(EXCERPTED RECORDS Opens)

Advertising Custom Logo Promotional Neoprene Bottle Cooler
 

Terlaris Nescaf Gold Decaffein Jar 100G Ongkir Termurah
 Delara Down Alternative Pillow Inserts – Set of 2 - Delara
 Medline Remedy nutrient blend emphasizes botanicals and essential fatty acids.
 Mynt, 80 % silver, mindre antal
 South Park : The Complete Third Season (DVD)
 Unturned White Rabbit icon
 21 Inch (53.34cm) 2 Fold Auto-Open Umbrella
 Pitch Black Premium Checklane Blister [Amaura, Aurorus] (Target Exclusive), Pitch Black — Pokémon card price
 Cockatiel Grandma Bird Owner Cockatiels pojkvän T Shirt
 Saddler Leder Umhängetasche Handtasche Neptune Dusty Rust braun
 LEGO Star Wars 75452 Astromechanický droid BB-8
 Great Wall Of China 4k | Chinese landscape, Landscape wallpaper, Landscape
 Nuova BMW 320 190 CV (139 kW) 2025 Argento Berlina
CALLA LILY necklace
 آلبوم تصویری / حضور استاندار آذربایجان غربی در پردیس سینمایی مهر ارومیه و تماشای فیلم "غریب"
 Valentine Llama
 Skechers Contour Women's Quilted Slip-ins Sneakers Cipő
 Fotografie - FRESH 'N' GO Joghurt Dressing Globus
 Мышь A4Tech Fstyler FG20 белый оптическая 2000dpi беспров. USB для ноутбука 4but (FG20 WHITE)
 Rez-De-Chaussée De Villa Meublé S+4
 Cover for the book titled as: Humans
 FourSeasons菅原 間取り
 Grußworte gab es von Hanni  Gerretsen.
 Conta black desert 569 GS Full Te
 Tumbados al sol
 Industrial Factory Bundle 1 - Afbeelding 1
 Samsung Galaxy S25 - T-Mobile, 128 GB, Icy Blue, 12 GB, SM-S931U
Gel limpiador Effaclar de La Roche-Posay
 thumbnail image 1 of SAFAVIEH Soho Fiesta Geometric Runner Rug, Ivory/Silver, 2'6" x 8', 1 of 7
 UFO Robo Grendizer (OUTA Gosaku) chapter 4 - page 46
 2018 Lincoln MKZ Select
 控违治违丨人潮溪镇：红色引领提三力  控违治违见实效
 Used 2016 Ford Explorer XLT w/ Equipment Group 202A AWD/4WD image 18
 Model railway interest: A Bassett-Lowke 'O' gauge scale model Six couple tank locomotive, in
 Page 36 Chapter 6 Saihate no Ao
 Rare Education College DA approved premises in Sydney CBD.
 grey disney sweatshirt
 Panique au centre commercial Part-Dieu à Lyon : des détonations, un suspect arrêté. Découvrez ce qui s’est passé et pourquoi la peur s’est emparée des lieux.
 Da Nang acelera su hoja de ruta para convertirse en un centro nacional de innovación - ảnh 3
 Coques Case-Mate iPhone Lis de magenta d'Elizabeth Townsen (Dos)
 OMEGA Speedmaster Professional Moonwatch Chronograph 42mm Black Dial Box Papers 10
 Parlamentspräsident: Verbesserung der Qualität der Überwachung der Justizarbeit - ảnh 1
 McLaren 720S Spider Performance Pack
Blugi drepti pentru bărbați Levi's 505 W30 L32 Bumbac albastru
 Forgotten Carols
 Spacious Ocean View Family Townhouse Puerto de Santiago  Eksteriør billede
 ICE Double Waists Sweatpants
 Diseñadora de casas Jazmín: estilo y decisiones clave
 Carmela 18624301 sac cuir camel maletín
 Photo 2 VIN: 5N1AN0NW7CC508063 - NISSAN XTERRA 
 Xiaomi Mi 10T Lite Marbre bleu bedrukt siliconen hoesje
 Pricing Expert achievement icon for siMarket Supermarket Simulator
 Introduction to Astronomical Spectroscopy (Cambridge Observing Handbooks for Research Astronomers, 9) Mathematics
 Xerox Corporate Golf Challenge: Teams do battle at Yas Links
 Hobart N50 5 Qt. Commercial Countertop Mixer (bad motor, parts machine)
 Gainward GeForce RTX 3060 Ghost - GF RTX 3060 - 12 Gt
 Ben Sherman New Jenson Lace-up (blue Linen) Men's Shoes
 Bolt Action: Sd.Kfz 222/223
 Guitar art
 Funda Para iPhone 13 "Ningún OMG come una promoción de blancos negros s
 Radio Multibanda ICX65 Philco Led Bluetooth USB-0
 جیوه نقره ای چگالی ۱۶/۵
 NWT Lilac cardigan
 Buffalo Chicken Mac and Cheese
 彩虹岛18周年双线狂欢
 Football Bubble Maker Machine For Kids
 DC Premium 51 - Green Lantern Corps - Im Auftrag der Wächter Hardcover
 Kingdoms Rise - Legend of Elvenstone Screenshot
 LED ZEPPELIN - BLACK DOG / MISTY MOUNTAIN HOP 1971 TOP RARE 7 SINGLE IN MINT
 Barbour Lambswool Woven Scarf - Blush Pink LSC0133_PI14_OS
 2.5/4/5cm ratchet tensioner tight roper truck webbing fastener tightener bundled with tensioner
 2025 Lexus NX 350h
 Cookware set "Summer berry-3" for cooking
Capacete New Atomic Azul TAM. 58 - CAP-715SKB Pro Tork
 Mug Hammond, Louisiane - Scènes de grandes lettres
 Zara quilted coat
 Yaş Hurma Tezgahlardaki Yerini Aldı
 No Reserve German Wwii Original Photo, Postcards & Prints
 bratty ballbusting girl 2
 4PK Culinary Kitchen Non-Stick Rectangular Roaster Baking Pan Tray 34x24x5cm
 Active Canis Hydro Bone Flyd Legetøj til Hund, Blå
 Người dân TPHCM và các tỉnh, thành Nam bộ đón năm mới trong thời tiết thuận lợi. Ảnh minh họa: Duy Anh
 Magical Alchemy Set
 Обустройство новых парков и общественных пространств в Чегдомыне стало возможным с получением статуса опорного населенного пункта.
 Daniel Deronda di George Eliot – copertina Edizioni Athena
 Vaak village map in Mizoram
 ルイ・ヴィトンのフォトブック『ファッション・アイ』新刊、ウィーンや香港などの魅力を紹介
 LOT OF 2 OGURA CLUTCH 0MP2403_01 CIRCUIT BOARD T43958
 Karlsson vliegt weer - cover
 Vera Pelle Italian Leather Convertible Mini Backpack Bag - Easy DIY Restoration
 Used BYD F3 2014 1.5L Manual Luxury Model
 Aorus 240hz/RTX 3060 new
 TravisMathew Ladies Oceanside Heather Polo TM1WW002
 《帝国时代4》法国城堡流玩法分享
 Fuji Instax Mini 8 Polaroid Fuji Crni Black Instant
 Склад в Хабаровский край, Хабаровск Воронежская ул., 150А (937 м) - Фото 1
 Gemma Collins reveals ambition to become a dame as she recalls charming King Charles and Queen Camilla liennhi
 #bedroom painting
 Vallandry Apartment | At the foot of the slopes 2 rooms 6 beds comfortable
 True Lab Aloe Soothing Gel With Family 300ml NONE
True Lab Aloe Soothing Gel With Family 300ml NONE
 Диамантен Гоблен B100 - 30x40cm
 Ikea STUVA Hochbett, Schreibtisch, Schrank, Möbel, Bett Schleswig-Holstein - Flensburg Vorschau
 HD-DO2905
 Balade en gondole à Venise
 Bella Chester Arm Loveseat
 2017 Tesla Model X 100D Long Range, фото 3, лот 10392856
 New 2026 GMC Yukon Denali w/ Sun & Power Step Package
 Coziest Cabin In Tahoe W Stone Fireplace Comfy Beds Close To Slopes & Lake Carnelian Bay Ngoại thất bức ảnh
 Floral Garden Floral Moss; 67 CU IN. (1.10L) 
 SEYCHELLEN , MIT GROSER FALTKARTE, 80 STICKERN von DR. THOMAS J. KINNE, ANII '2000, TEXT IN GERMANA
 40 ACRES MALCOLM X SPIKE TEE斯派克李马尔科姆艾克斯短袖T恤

(EXCERPTED RECORDS Closes)

◆ REQUIRED ACTION ◆
The required output is each line of the entries that contains the word "Photo".

◆ OUTPUT ◆
 Photo 2 VIN: 5N1AN0NW7CC508063 - NISSAN XTERRA 
 No Reserve German Wwii Original Photo, Postcards & Prints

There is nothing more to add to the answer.